> **What to produce**: An exact copy, beginning at the line containing "A price action" and ending at the final line of the records that follow, is the answer; it has no pictures and no other text.

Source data
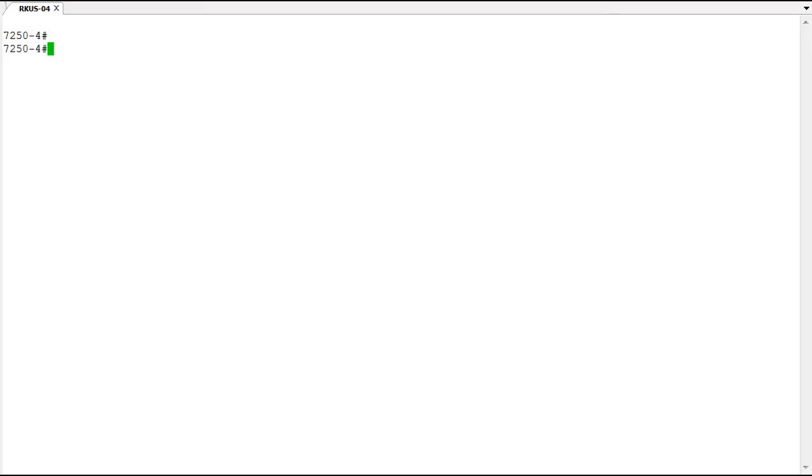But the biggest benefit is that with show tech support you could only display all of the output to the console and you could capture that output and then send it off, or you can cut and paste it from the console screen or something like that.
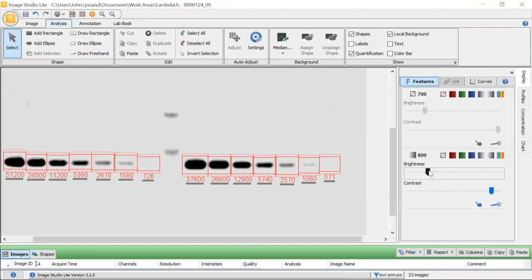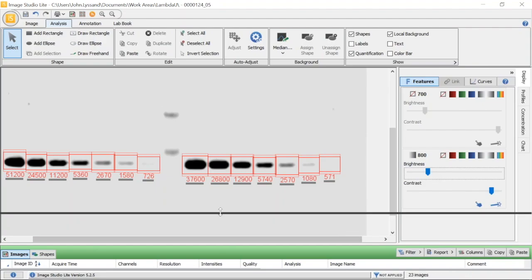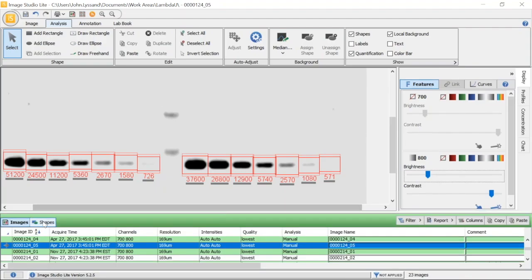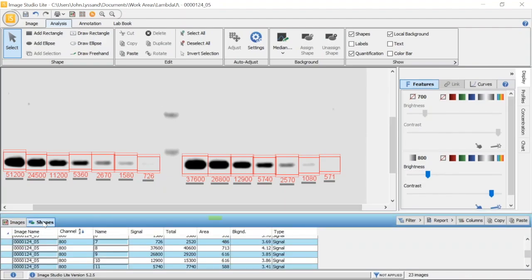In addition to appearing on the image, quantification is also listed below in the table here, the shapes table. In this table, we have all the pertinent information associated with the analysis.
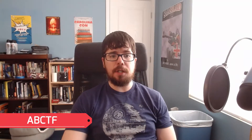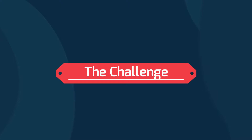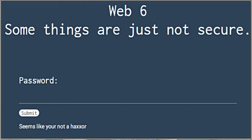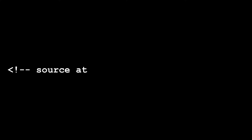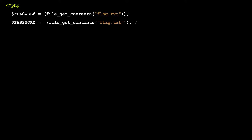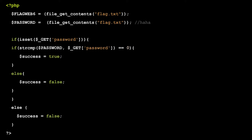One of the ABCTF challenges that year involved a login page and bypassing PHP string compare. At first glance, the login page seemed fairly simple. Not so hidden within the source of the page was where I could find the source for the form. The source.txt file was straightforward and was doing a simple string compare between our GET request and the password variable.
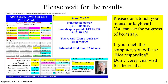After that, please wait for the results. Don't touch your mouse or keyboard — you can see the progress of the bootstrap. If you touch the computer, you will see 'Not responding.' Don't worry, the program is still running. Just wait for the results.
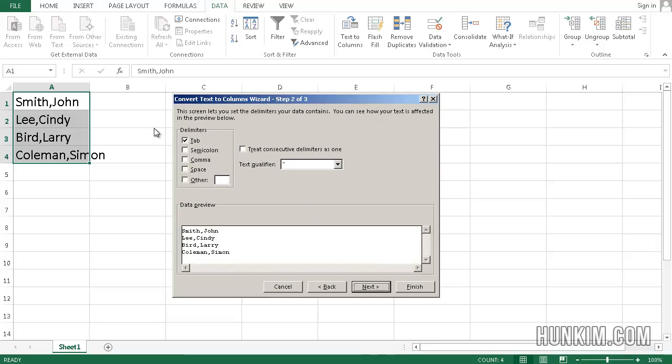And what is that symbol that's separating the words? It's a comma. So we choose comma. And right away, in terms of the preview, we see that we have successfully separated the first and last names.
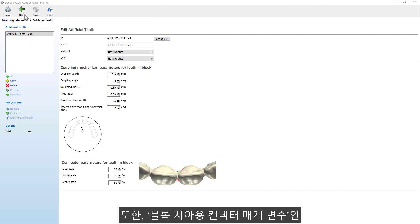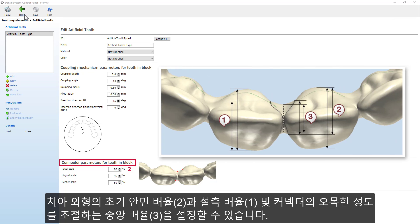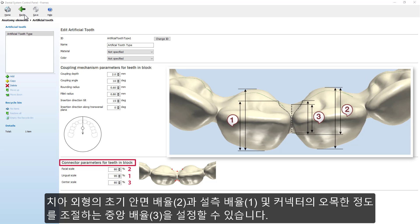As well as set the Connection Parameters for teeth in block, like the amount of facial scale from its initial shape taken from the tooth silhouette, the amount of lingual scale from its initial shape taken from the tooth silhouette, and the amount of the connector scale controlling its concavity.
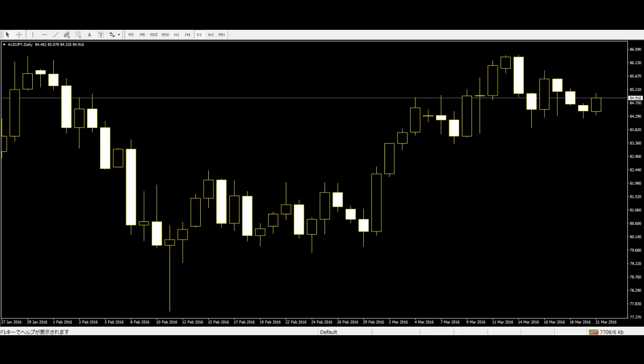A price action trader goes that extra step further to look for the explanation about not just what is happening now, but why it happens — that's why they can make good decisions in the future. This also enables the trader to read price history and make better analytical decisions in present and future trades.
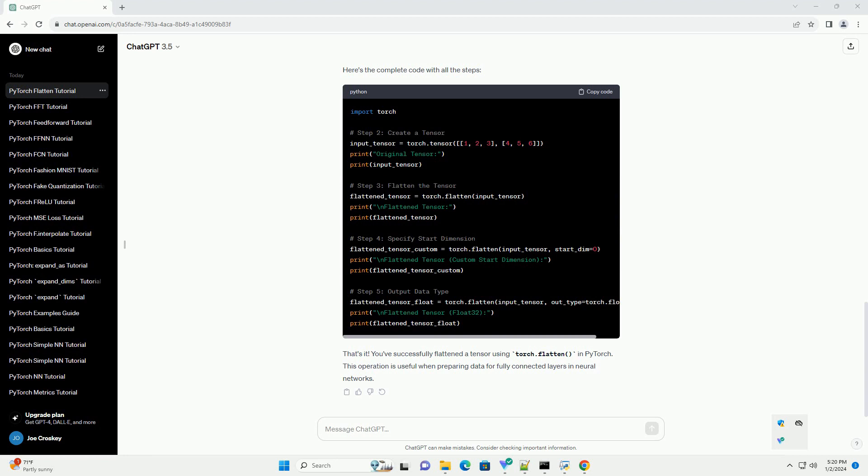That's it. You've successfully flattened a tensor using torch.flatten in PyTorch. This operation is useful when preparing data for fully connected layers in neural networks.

> **Reply**:
A price action trader goes that extra step further to look for the explanation about not just what is happening now, but why it happens — that's why they can make good decisions in the future. This also enables the trader to read price history and make better analytical decisions in present and future trades.
That's it. You've successfully flattened a tensor using torch.flatten in PyTorch. This operation is useful when preparing data for fully connected layers in neural networks.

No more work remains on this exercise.